The object of their attack is a fast-tracked, labor-sponsored bill that would restrict imports of cars by insisting that cars sold in this country have a high percentage of U.S.-made parts and be assembled by American workers.
The bill comes up before the House Rules Committee this morning with the strong backing of House Speaker Thomas P. (Tip) O'Neill, who believes it will send a signal to the Japanese that the American people no longer will stand for trade barriers to U.S.-made products. O'Neill promised outgoing United Auto Workers President Douglas A. Fraser that the bill would be brought to the floor in the lame duck session of Congress, where it is considered a sure thing for passage. The 222 congressional co-sponsors represent more than half the membership of the House.
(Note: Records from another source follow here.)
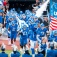 The UB Bulls run out onto the field at Broadview Stadium during a home opener game. 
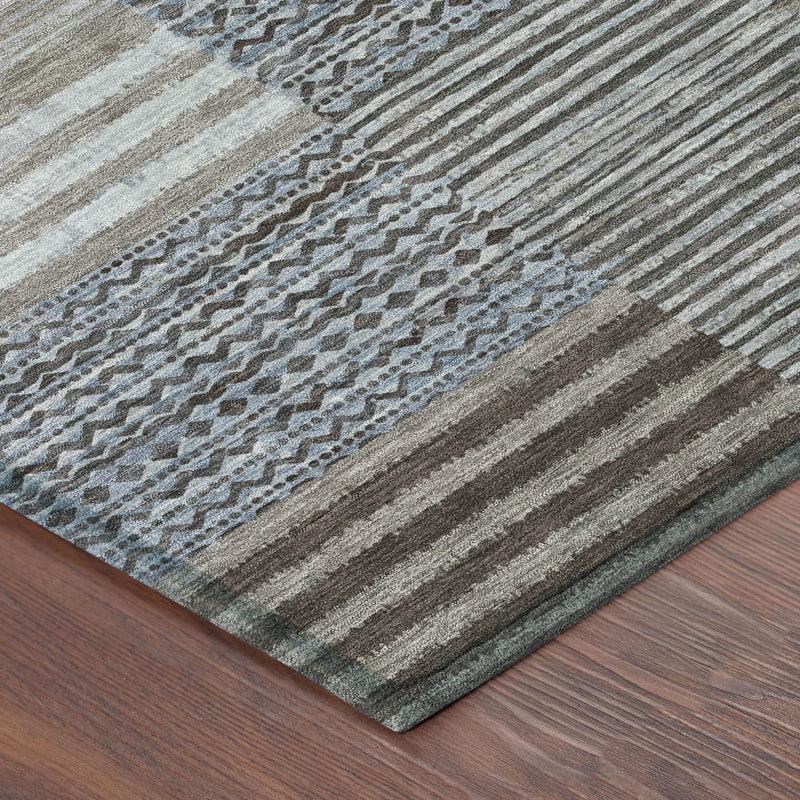 Close-up patchwork rug showing striped fibers in gray, beige, and brown with blue motifs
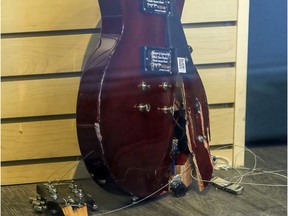 A smashed guitar leans against a wall in Steve’s Music Store on Saint-Catherine St. in Montreal on Monday, the day after store was looted.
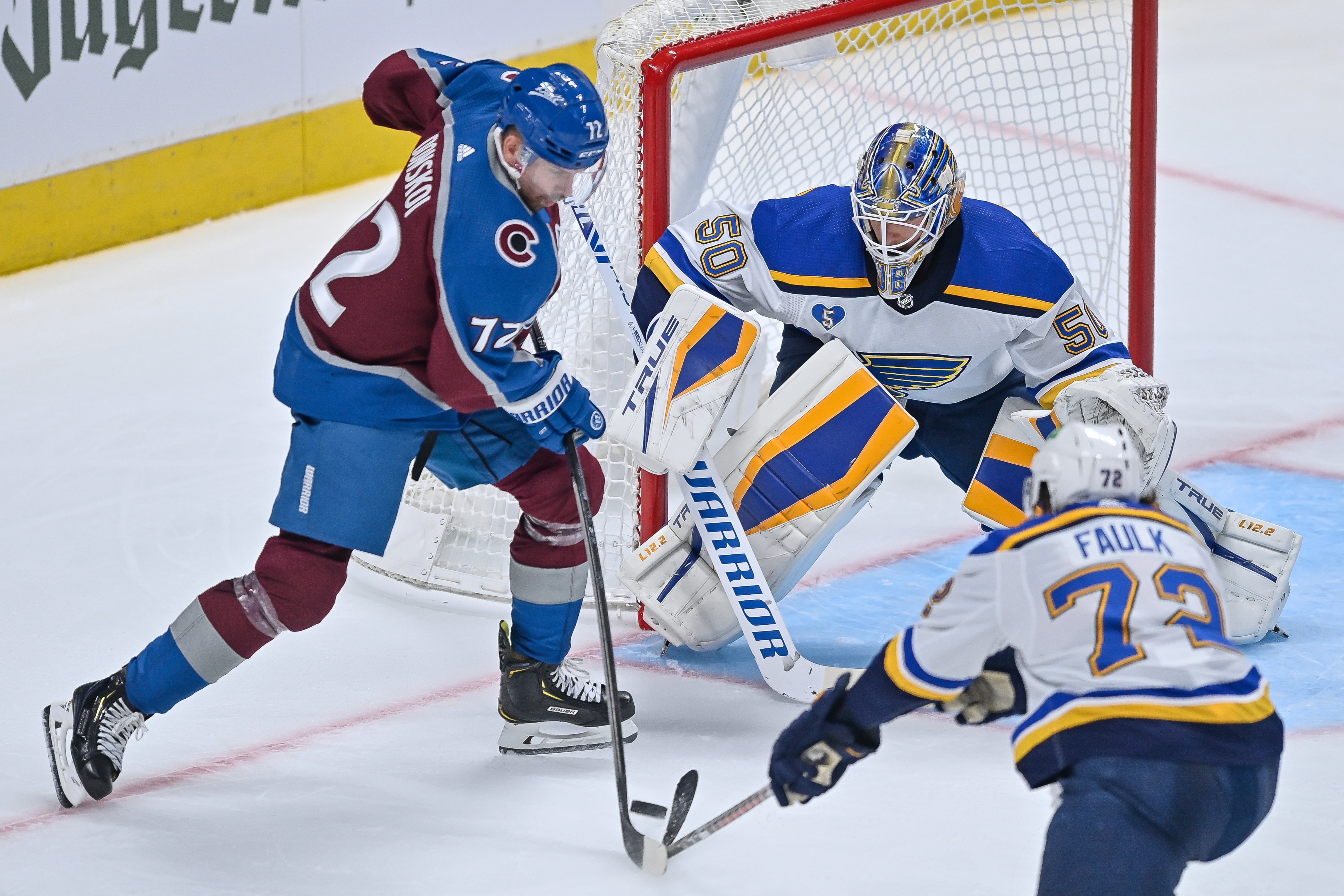 DENVER, CO - MAY 17: St. Louis Blues goaltender Jordan Binnington (50) stands in front of the net as Colorado Avalanche right wing Joonas Donskoi (72) attempts a shot during a Stanley Cup Playoffs first round game between the St. Louis Blues and the Colorado Avalanche at Ball Arena in Denver, Colorado on May 17, 2021. (Photo by Dustin Bradford/Icon Sportswire via Getty Images)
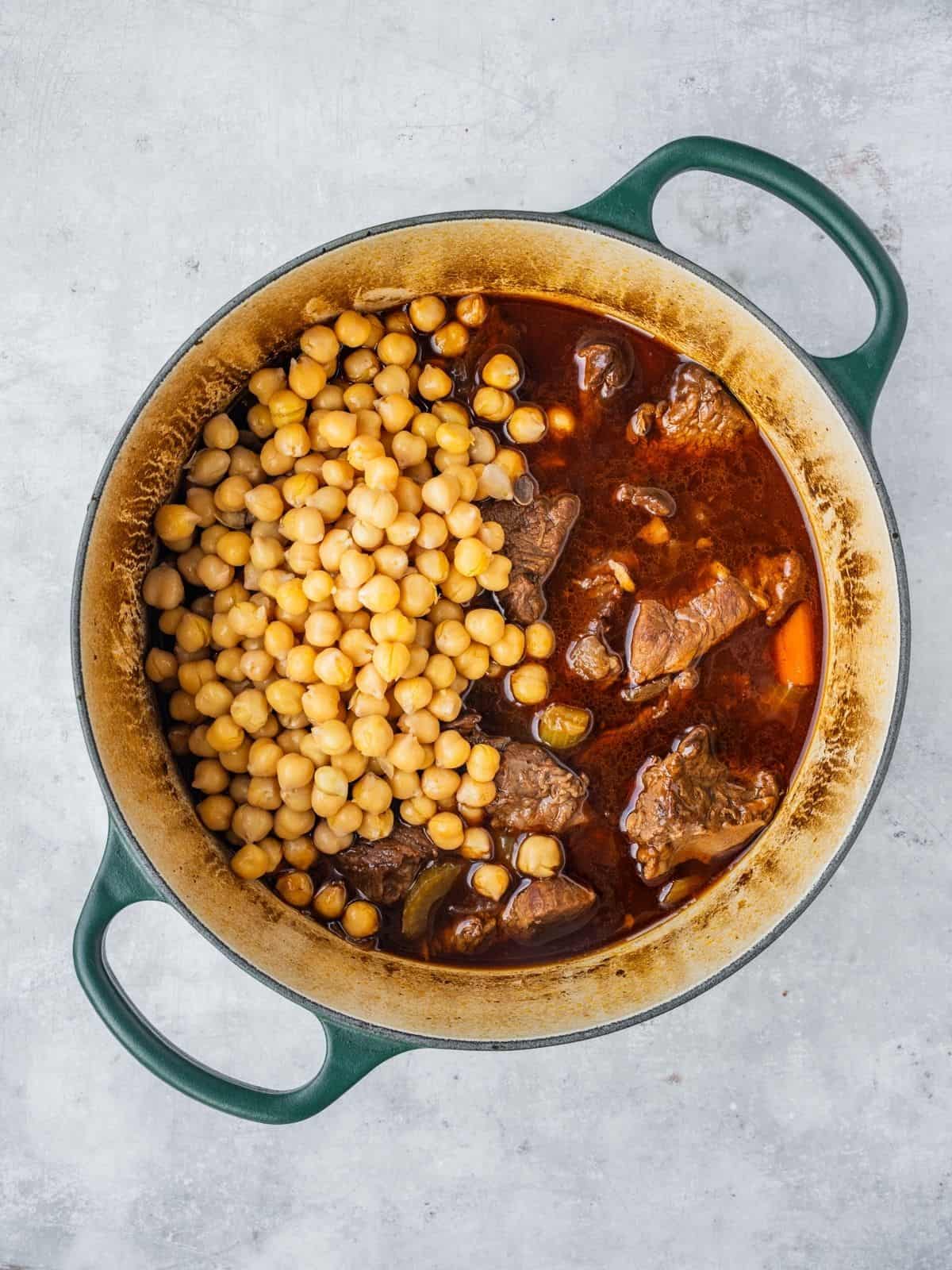 Chickpeas added to the cooked beef stew.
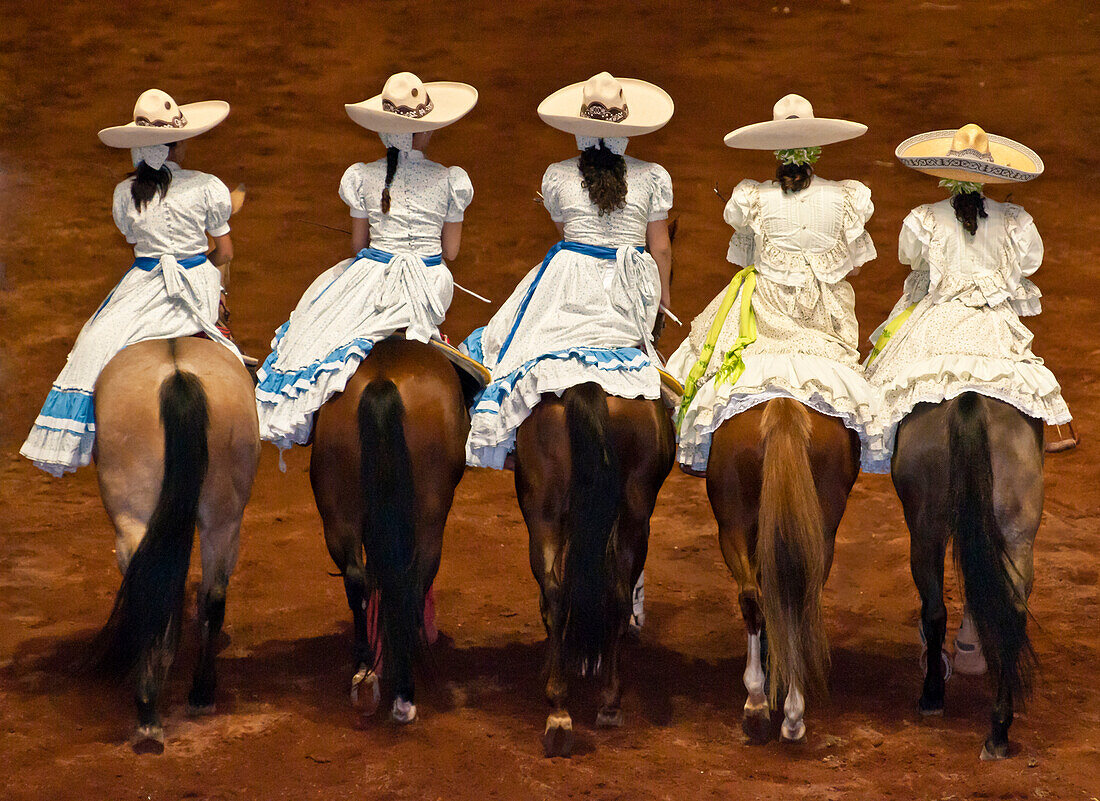 Women horse riders at Lienzo Charro charreada show, Guadalajara, Mexico.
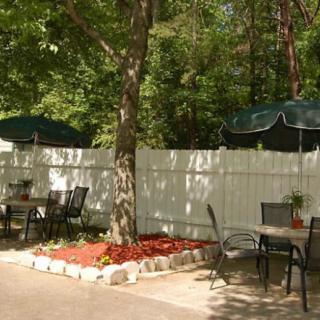 A peaceful outdoor patio area with tables and chairs, shaded by umbrellas and surrounded by trees.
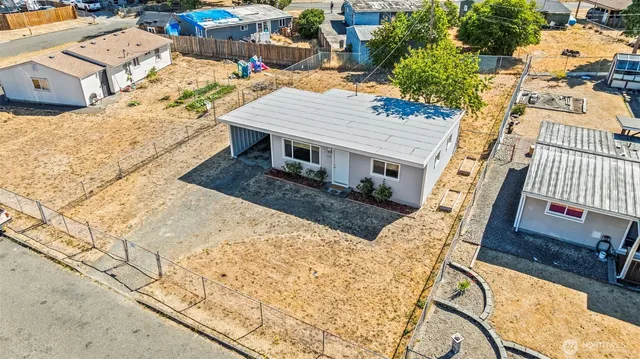 an aerial view of residential houses with outdoor space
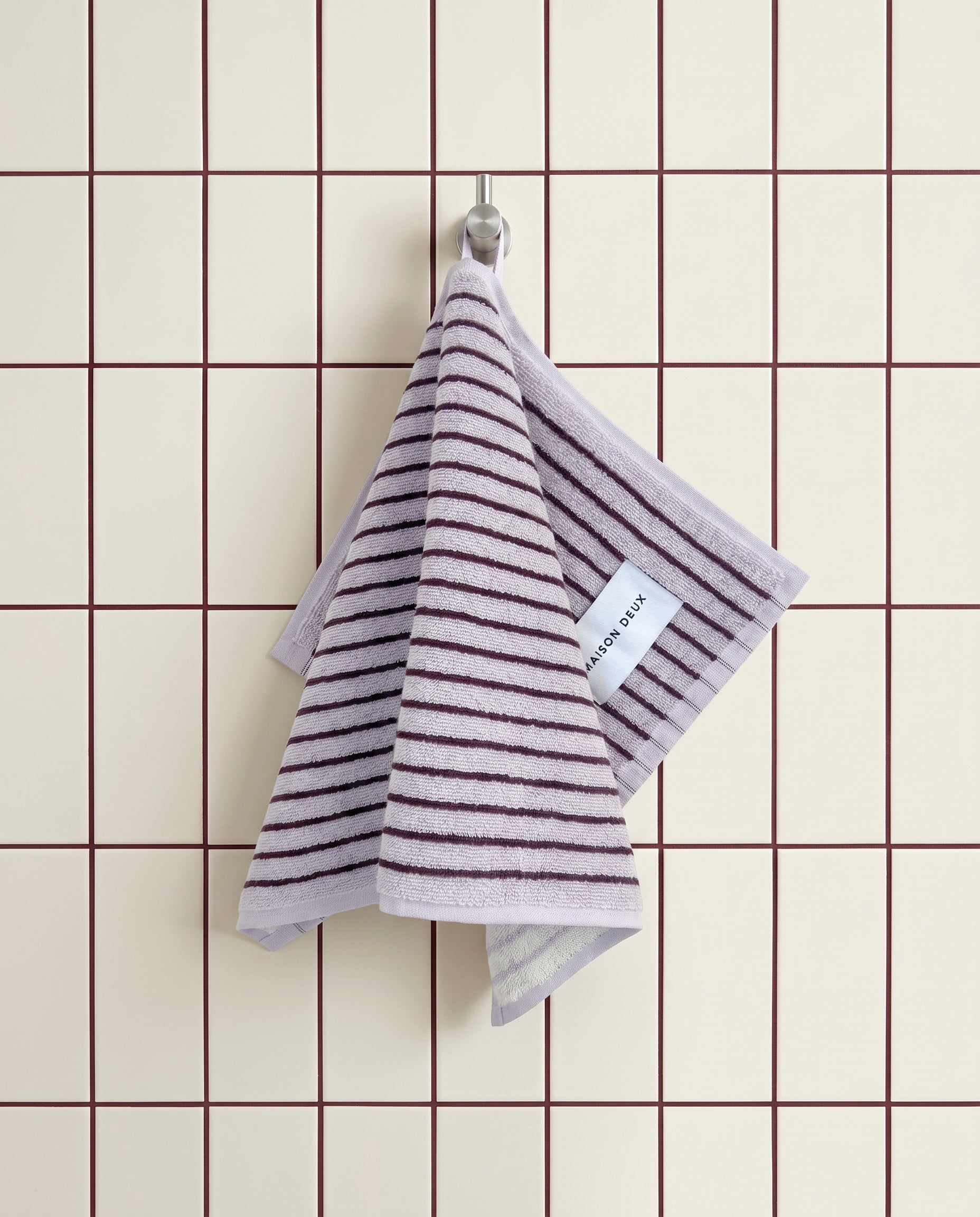 Lilac bordo striped guest towel hanging on hook against tiled wall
There are indications, however, that the Rules Committee hearing might last beyond today, as the opponents trying delaying tactics, hoping the bill will be set aside in the press of other business during the hectic final days of the lame duck session.
"The more we push it back, the less chance it has," said one opposition lobbyist.
Business- and trade-oriented groups admit that they have gotten off to a slow start in fighting the bill. Despite the large number of co-sponsors, the bill was not given much chance of passage until it swept through the House Commerce Committee on Sept. 15 after only one sparse hearing.
It is still not given much chance of passage in the Senate.
Local content is being sold by labor as a jobs bill, with the UAW saying it will save or create 1 million American jobs in the auto field. The Congressional Budget Office, however, has estimated that the bill would end up costing 66,000 American jobs as foreign retaliation would eliminate far more jobs than the legislation would create.
"Passage of this legislation would be a disaster for American farmers," said Ed Andersen, master of the National Grange, which, along with 15 other farm organizations, entered into a natural alliance with the Automobile Importers of America to oppose local-content legislation.
"One-fourth of U.S. farm income is derived from export sales, including $15 billion annually to our major overseas customers, Japan and the European Community. They could react in many ways to limit U.S. agricultural exports," Andersen said.
The farmers were the first to join the auto importers, who estimated that 2,000 of the 7,000 imported car dealers in the United States might be closed if the bill is passed.
Big business will get into the act later in the week, with such export-oriented firms as Boeing Aircraft, Caterpillar Tractor and Xerox meeting for breakfast Wednesday at the U.S. Chamber of Commerce headquarters here. Also listed as opposed to the bill are trade associations for port authorities and the electronics, aerospace, computer, and semiconductor industries. They will be joined at the chamber breakfast by U.S. Trade Representative Brock and John C. Danforth (R-Mo.), chairman of the Senate Finance Committee's trade subcommittee.
Despite the array of farm, business and administration forces lined up against the bill, UAW officials called it "a very easy issue to lobby for these days."